Matlack, Wissa collaborate with researchers at Wright-Patterson
The Air Force Research Lab (AFRL) Summer Faculty Fellowship Program allows faculty and their students to do research residencies at participating bases while collaborating with AFRL researchers.
Matlack and one of her students spent eight weeks on the base. During this time, they worked to develop new active metamaterials, i.e. materials that are engineered to have properties that are not naturally occurring. Matlack’s focus was on creating metamaterials with tunable vibration transmission.
She said she enjoyed the opportunity to build connections while collaborating with Wright-Patterson researchers. “On a typical day, I spent a lot of time working directly in the lab, running experiments, or fabricating samples,” Matlack said. “I met with researchers and discussed research ideas and directions with them.”
By the end of her eight weeks, Matlack not only had made progress toward the advancement of the metamaterials, but also had a better understanding of ways in which research thrusts within Air Force labs align with research here at Illinois. She is currently in the process of publishing her results from the summer’s study.
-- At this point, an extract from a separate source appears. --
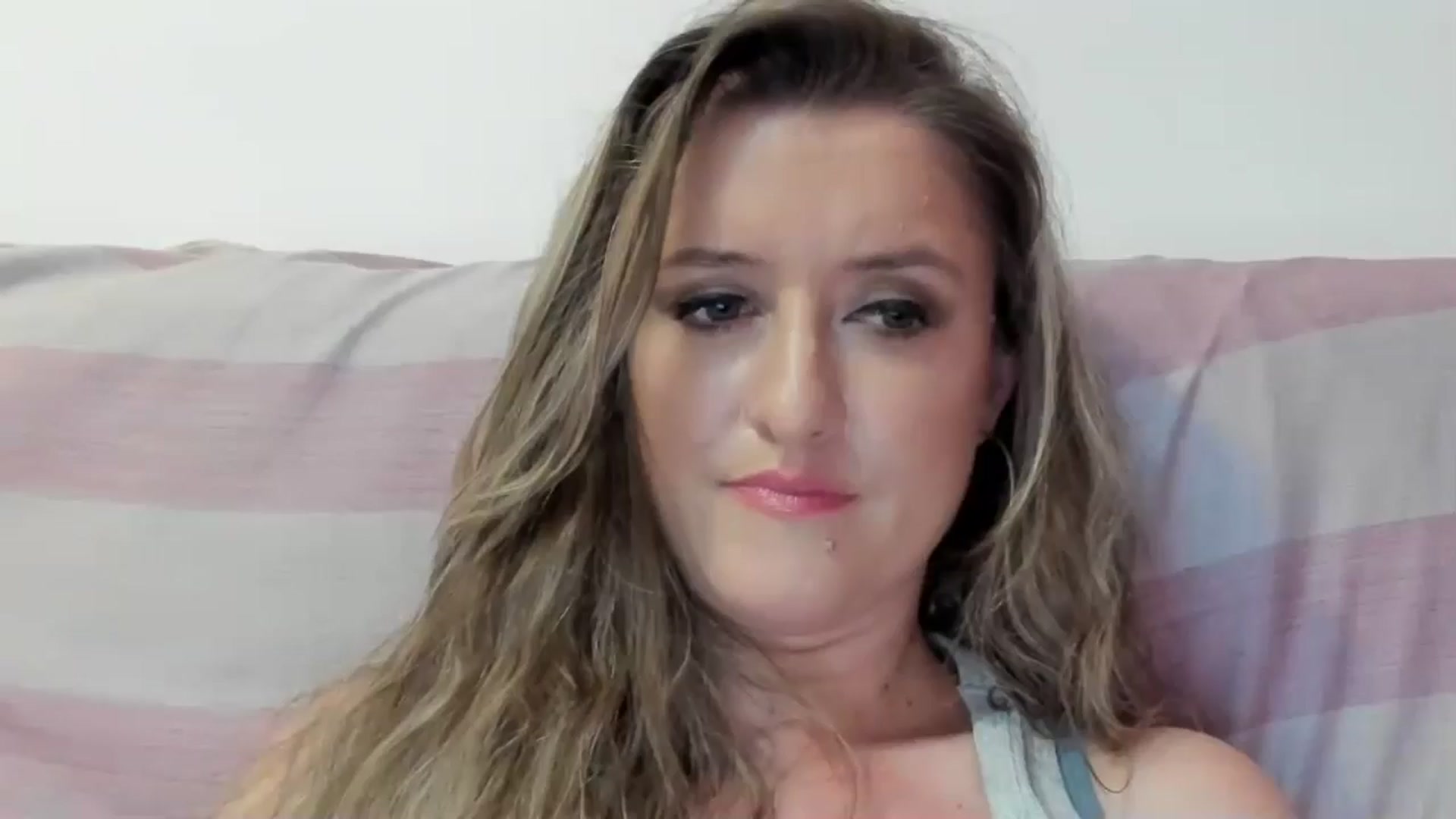 Gallery image thumbnail from BestDream's myfreecams stream on, 08/15/2024, 24:01 image 17 of 20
For Aimy Wissa, the 2018 fellowship was her second time working at Wright-Patterson. She spent 10 weeks there with two students, working on a study entitled, “Adaptive and Compliant Wingtip Devices enabled by Additive Manufacturing and Smart Materials.”
Unlike the fixed tips on the wings of an airplane, birds’ wingtips have feathers that can bend and twist, as well as change angles relative to each other to create a slotted surface. The goal of Wissa’s research was to determine whether implementing a segmented and adaptive wingtip device inspired by feathers would improve the flight performance of unmanned air vehicles.
Her group’s research was divided into focusing on three key aspects of the wingtip devices. The group analyzed the aerodynamic effects through modeling and wind tunnel testing. They also designed and 3D-printed composite beams that could bend and twist under aerodynamic loading. The beams were then tested experimentally and analyzed using finite element analysis. Lastly, bistable structures were designed to control the spacing between different wing segments while minimizing the actuation requirement.
By the end of the fellowship, Wissa’s group showed that implementing the adaptive wingtip devices causes lift enhancement in the aircraft’s performance. Through both experiment and analysis, they also demonstrated the feasibility of passively coupling the bending-torsion response of the composite wingtips. Their results were recently published and they are preparing several publications with AFRL collaborators.
Both Wissa and Matlack appreciated the opportunity the fellowship provided their students for networking and experience outside of campus.
“On campus, students get trained to do classes and work in the labs, and experience research in an academic setting,” Wissa said. “At Wright-Patterson, they get to experience a different environment for conducting research, so they learn to adapt and also discover which environment might align more with their career plans.”
Both professors also valued the connections they made during their time on base.
“The connections with the people at the Air Force Research Lab were the most important aspect of the fellowship,” said Matlack, who plans to continue her work with collaborators at the base.
“For me, the fellowship increased and strengthened those networks I have with the researchers at the Air Force Research Lab,” Wissa said. “You get great outcomes both technically and professionally, and I think that’s what’s really powerful about this fellowship.”